On the low-resource language side of the equation, Google implemented a back-translation scheme in Translate that augments parallel training data, where each sentence in a language is paired with its translation. (Machine translation traditionally relies on the statistics of corpora of paired sentences in both a source and a target language.) In this scheme, training data is automatically aligned with synthetic parallel data, such that the target text is natural language but the source is generated by a neural translation model. The result is that Translate takes advantage of the more abundant monolingual text data for training models, which Google says is especially helpful in increasing fluency.
Translate also now makes use of M4 modeling, where a single, giant model — M4 — translates among many languages and English. (M4 was first proposed in a paper last year that demonstrated it improved translation quality for over 30 low-resource languages after training on more than 25 billion sentence pairs from over 100 languages.) M4 modeling enabled transfer learning in Translate, so that insight gleaned through training on high-resource languages including French, German, and Spanish (which have billions of parallel examples) can be applied to the translation of low-resource languages like Yoruba, Sindhi, and Hawaiian (which have only tens of thousands of examples).
Translate has improved by at least 1 BLEU point per year since 2010, according to Google, but automatic machine translation is by no means a solved problem. Google concedes that even its enhanced models fall prey to errors including conflating different dialects of a language, producing overly literal translations, and poor performance on particular genres of subject matter and informal or spoken language.

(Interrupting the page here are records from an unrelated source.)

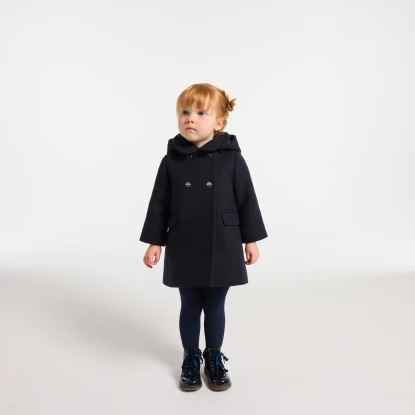 Baby girl coat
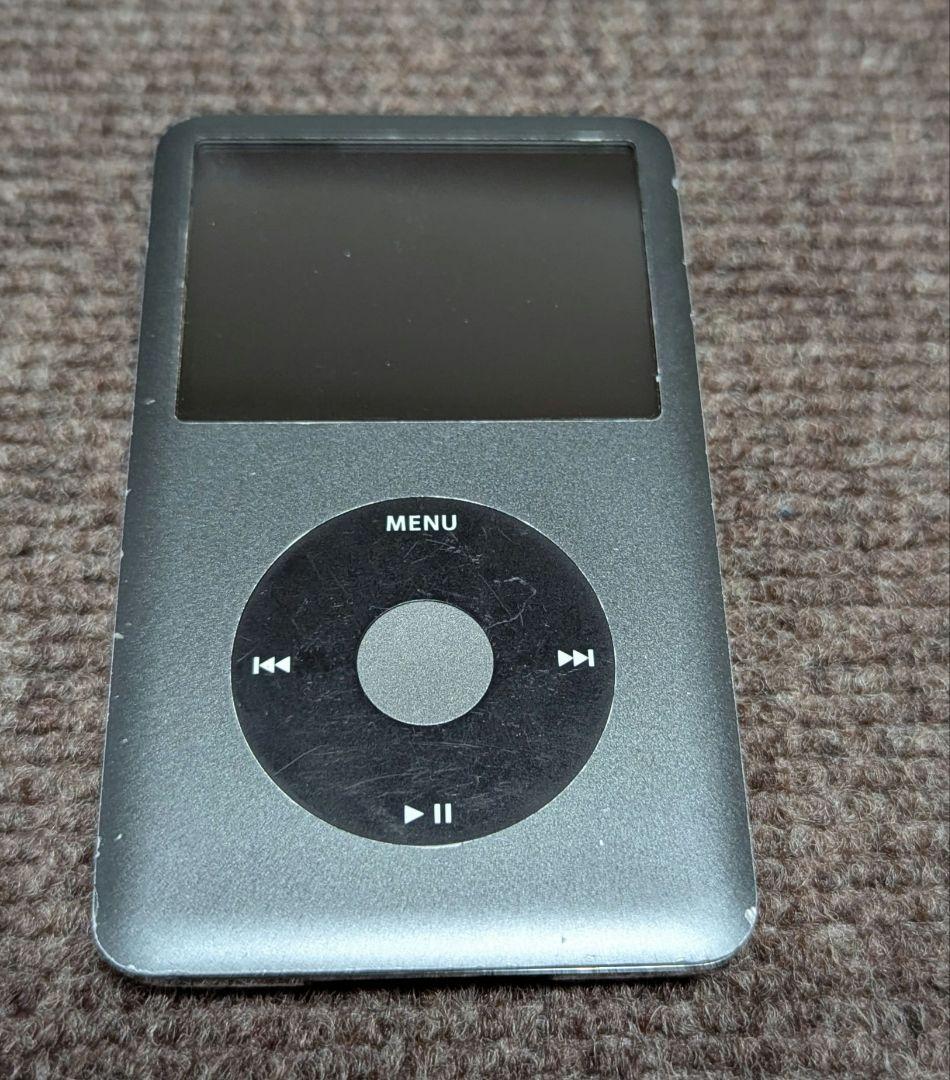 Apple iPod Classic 160GB ジャンク品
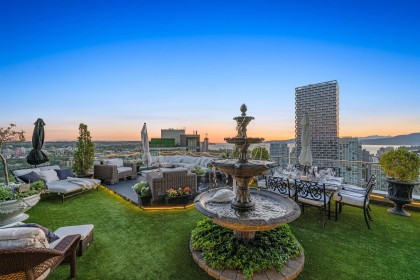 Photo 1 at 3701 - 1495 Richards Street, Yaletown, Vancouver West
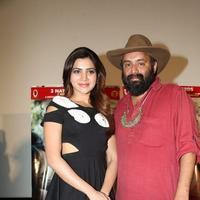 Samantha and Rajesh Touchriver Promotes Naa Bangaaru Talli Movie Photo Gallery | Picture 878556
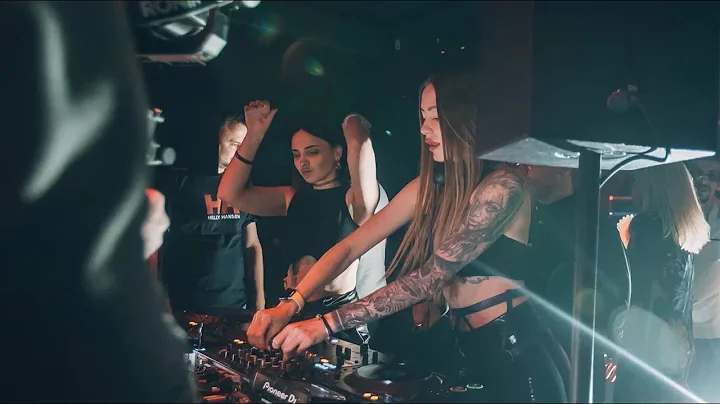 Natasha Wax, Sony Vibe, Matvienkov - Gestalt Club ...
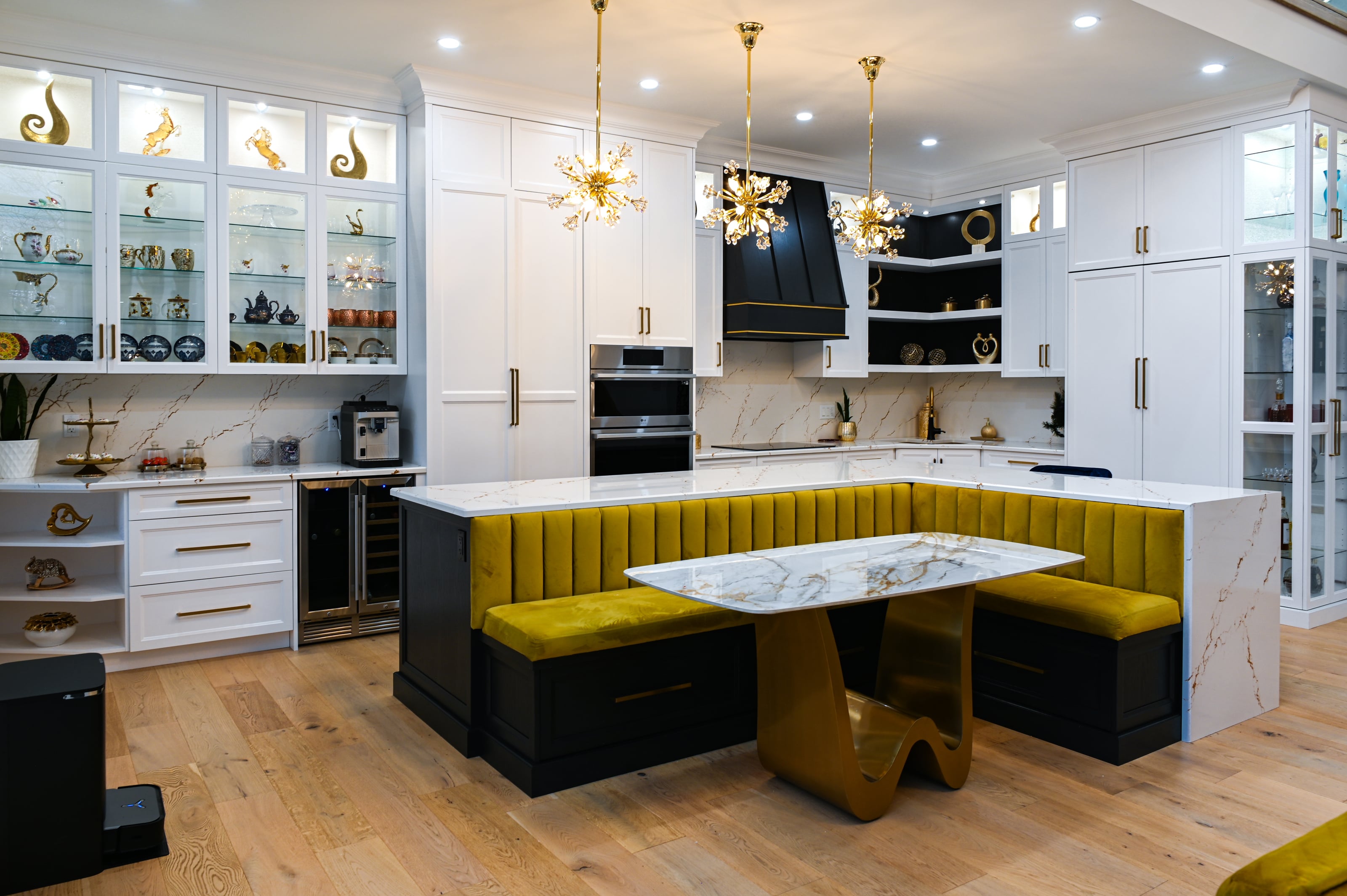 Fanshawe — Custom Homes interior design in London, ON by Theia Design Studio — photo 12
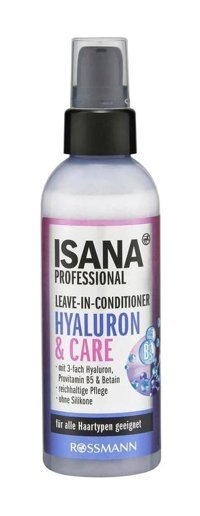 Isana Professional Güçlendirici Hyalüronik Asit Provitamin B5 Saç Kremi 150 ml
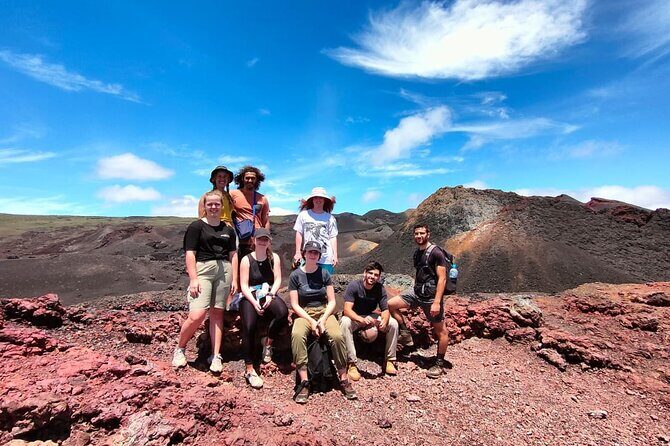 Half Day Tour in Sierra Negra Volcano & Lava Fields - Key Points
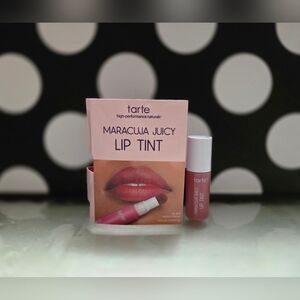 5/$25💄Tarte Maracuja Juicy Lip Tint✨️
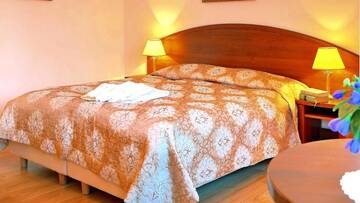 Фото номера Двухместный номер с 1 кроватью Отель Park Hotel Kur &amp; Spa г. Сверадув-Здруй 9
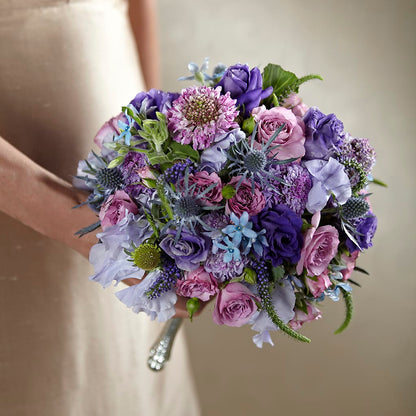 Lavender Garden Bouquet –  Karnation Korner Florist, Dunedin FL
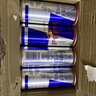 紅牛Red Bull奧地利進(jìn)口維生素功能飲料含汽800mg?；撬?250ml*24罐 曬單實(shí)拍圖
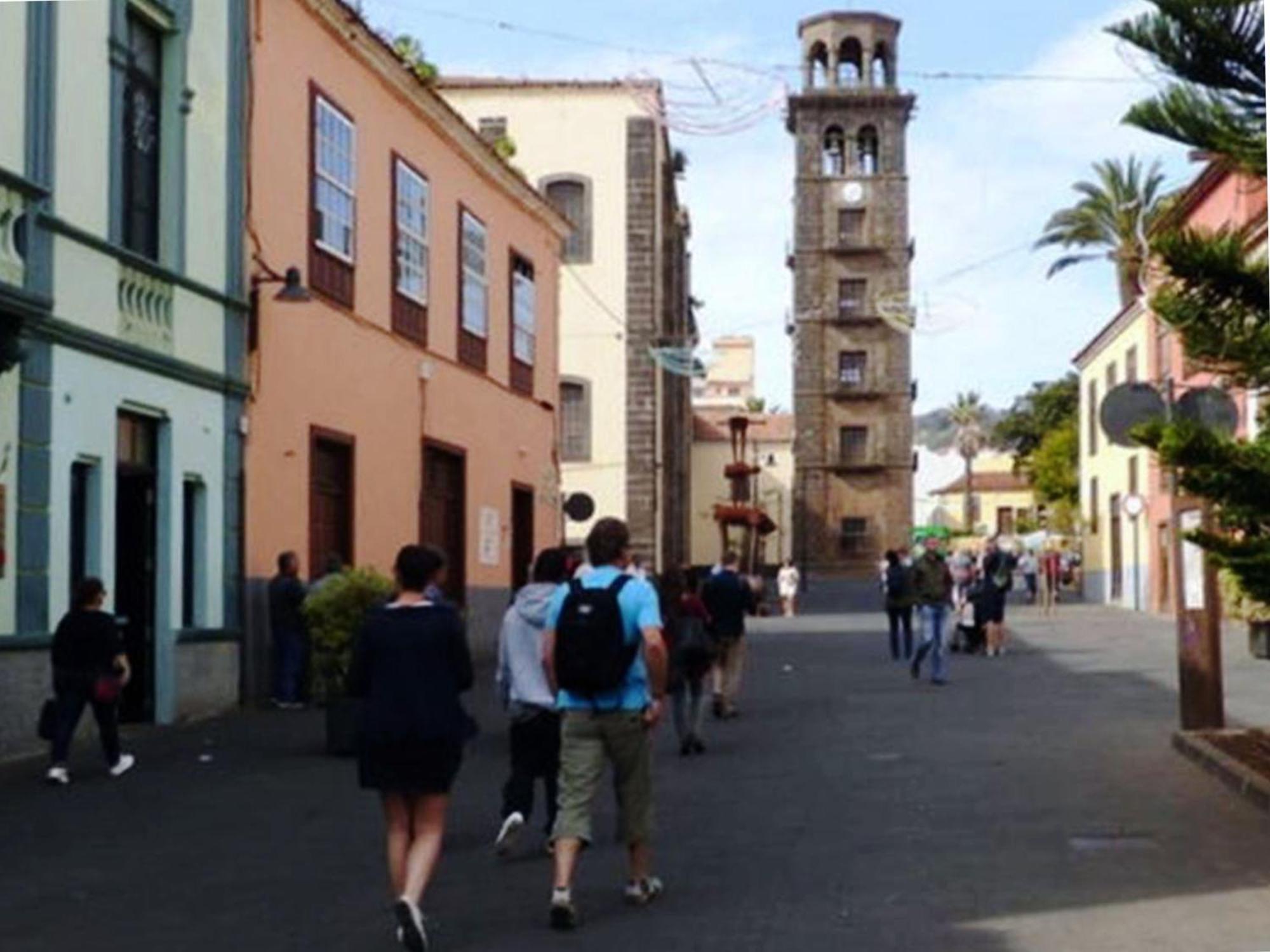 Apartment Live La Laguna Heraclio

The tech giant is attempting to address this in various ways, including through its Google Translate Community, a gamified program that recruits volunteers to help improve performance for low-resource languages by translating words and phrases or checking if translations are correct. Just in February, the program, in tandem with emerging machine learning techniques, led to the addition in Translate of five languages spoken by a combined 75 million people: Kinyarwanda, Odia (Oriya), Tatar, Turkmen, and Uyghur (Uighur).
Google isn’t alone in its pursuit of a truly universal translator. In August 2018, Facebook revealed an AI model that uses a combination of word-for-word translations, language models, and back-translations to outperform systems for language pairings. More recently, MIT Computer Science and Artificial Intelligence Laboratory researchers presented an unsupervised model — i.e., a model that learns from test data that hasn’t been explicitly labeled or categorized — that can translate between texts in two languages without direct translational data between the two.
In a statement, Google diplomatically said it’s “grateful” for the machine translation research in “academia and industry,” some of which informed its own work. “We accomplished [Google Translate’s recent improvements] by synthesizing and expanding a variety of recent advances,” wrote the company. “[W]ith this update, we are proud to provide automatic translations that are relatively coherent, even for the lowest-resource of the 108 supported languages.”